Arc pressure and fluid flow vectors (reprinted with permission from Elsevier). ⁴

Lin and Eagar ²³ reported that helium creates a smaller peak pressure and wider pressure distribution than that of argon in gas tungsten arc welding. As a result, helium would have greater radial momentum dissipation than argon and consequently a lower peak pressure at the workpiece surface. Premixed shielding gases provide a constant arc pressure and consequently constant arc force, whereas, when implementing alternating shielding gases, there is a build up in-line pressure when the valve is closed which, when opened, results in a pressure impulse and a consequential arc force impulse.

A reduction in heat input can be achieved by increasing the speed of travel, although this is only an option if not adversely affecting the mechanical properties of the welded joint. Initial studies ² have shown beneficial results including increased travel speed, reduced porosity and improved mechanical properties in a steel structure. Campbell et al. ² reported that the use of alternating shielding gases can considerably reduce distortion in thin plate DH36 steel as a result of reducing the heat input owing to increasing the speed of travel, this has also given rise to a reduction of 17% in overall weld costs. It has also been shown, via the aid of computational models, that the application of alternating shielding gases permits an increase in travel speeds while generating welds meeting specified geometry requirements and quality. ¹

Shielding gases are primarily used to protect the weld pool from contamination, however, owing to a variety of reasons, including inadequate shielding gas flow, excessive shielding gas flow, cross drafts and damaged welding apparatus, insufficient protection of the weld pool is often provided that can lead to defects such as porosity in the solidified weld metal. Porosity formation in aluminium occurs owing to hydrogen being drawn into the electric arc and is a serious issue with respect to this material. Hydrogen is dissociated, absorbed into, and spread throughout the weld pool. During solidification of the weld pool, hydrogen gas bubbles form, some of which are able to escape from the liquid weld metal owing to buoyancy effects. However, gaseous hydrogen that does not escape when the weld pool solidifies creates voids in the solid weld metal. As a result of hydrogen having a higher solubility in molten aluminium and very low solubility in solid aluminium, there is potential for excessive amounts of porosity to be present in the final weld. The dynamic action reported by Kang et al. ⁴ assists with the buoyancy effect in removing these hydrogen bubbles, thus reducing weld porosity.
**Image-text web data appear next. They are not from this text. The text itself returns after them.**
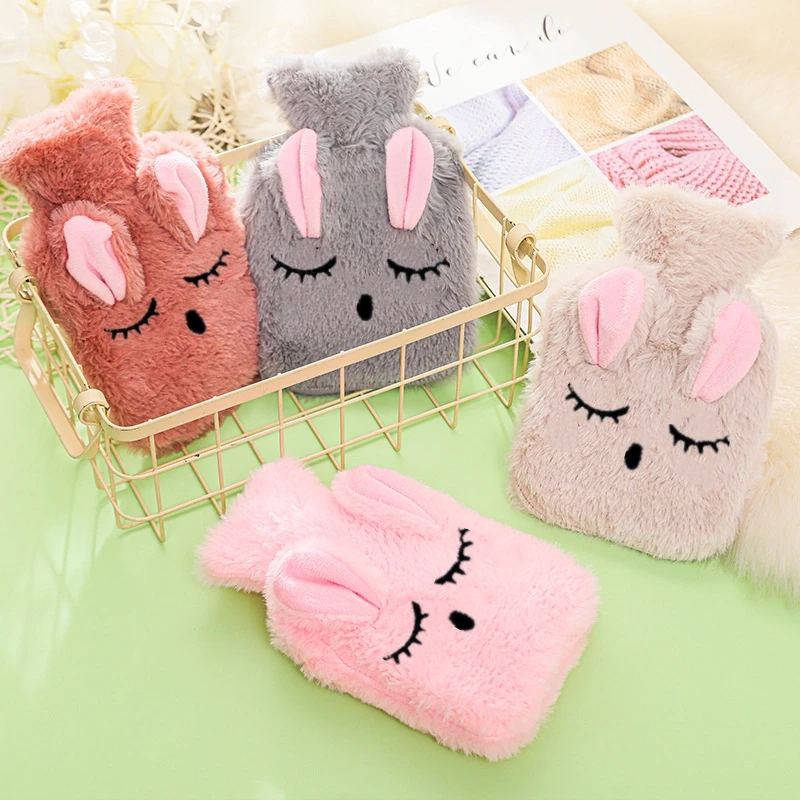 Plush Rabbit Hot Water Bag Insulating Hand Warmer With Cover Winter Feet Warmers Reusable Warm Bottle for Pain Relief Therapy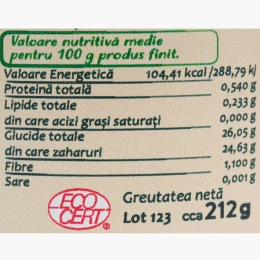 Dulceață de prune, fără zahăr adăugat, eco ~212g 
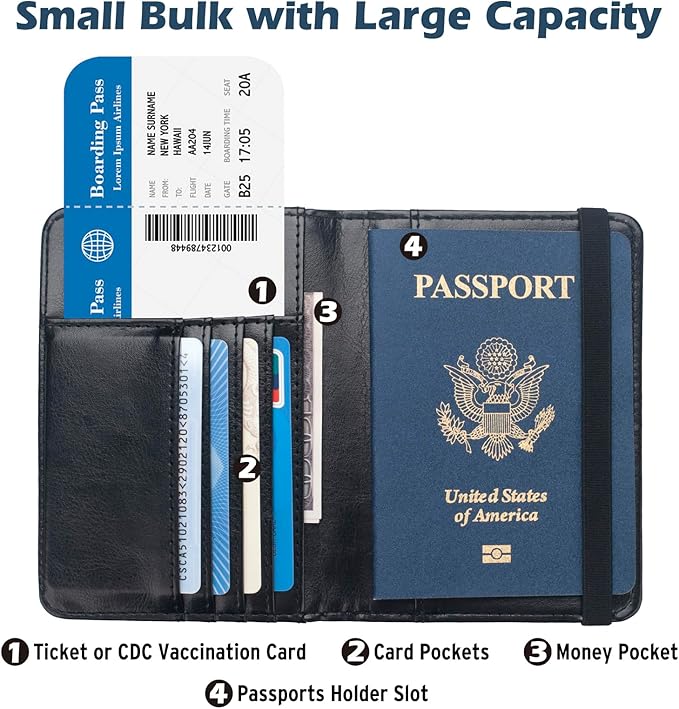Coowayze Passport Holder Cover for Women Men, Leather US Passport Wallet Case - Image 4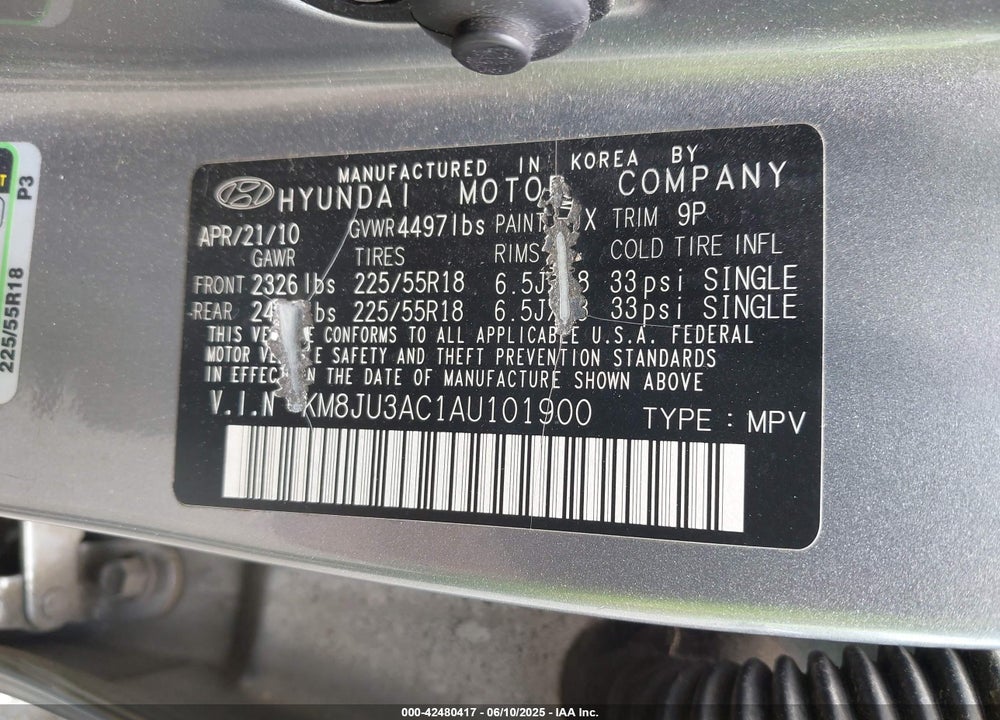 2010 HYUNDAI TUCSON VIN: KM8JU3AC1AU101900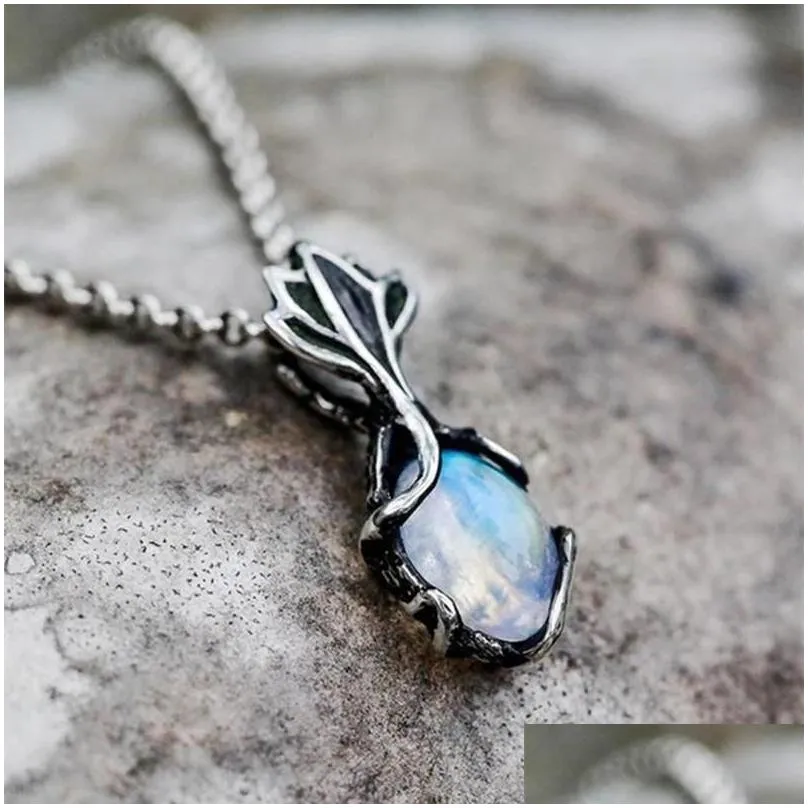 pendant necklaces vintage moonstone necklace high quality brand designed women lady girls jewelry wedding birthday gift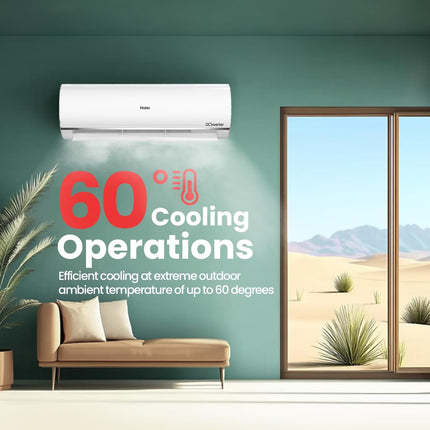 Haier 1.5 Ton 5 Star Triple Inverter Split AC (4850 W, Copper, 7 in 1 Convertible, 4-Way Swing, Frost Self Clean, HD Filter, Cools at 60°C, 20 Mtr. Air Throw - HSU18K-PYSS5BN-INV, 2024 Model - White)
Min et al. ²⁴ reported that the weld heat input affects the recrystallisation of the heat affected zone (HAZ) in magnesium alloys with an increase of less than 50% resulting in grains more than double the original grain size. In contrast, Campbell et al. ² showed that a finer grain structure was produced in DH36 steel when implementing the use of alternating shielding gases and a lower heat input. Their work ² also showed that a finer homogeneous grain structure consequently resulted in more uniform material properties throughout. This is to be expected, as a finer grain structure results in a higher density of grain boundary interactions and, therefore, requires more energy to allow a dislocation to propagate. It follows that the yield strength is related to the grain size through the Hall–Petch equation

σ y = σ 1 + k y d − 1 / 2

(1)

where σ y is the yield strength, d the average grain diameter, and σ 1 , k y the material specific constants.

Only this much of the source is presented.